MATERIAL FOR THIS TASK
○ ○ ○ ○ ○ ○ ○

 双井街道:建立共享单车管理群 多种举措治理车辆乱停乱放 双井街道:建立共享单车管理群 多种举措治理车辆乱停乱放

○ ○ ○ ○ ○ ○ ○

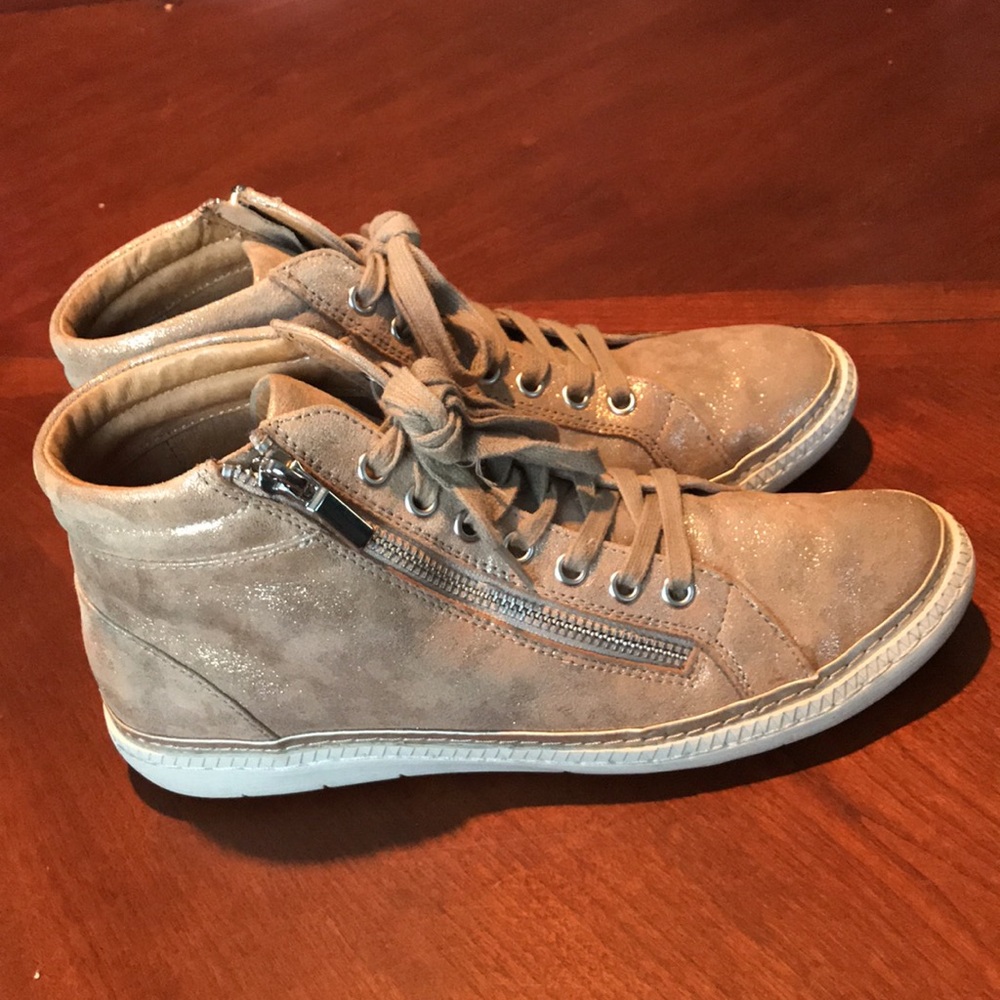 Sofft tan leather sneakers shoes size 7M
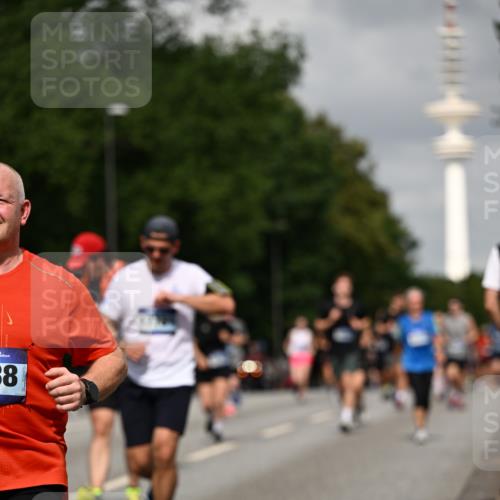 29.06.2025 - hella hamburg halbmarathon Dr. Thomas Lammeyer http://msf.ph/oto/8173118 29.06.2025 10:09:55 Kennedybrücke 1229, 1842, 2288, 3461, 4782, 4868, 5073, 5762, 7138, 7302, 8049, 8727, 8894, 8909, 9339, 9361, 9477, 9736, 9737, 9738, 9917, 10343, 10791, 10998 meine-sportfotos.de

○ ○ ○ ○ ○ ○ ○

EXERCISE DETAILS
Reproduce exactly the lines above starting at the line containing "Sofft tan leather sneakers shoes size 7M" and ending at the line containing "29.06.2025 - hella", including both, but not the pictures.

YOUR RESPONSE
 Sofft tan leather sneakers shoes size 7M
 29.06.2025 - hella hamburg halbmarathon Dr. Thomas Lammeyer http://msf.ph/oto/8173118 29.06.2025 10:09:55 Kennedybrücke 1229, 1842, 2288, 3461, 4782, 4868, 5073, 5762, 7138, 7302, 8049, 8727, 8894, 8909, 9339, 9361, 9477, 9736, 9737, 9738, 9917, 10343, 10791, 10998 meine-sportfotos.de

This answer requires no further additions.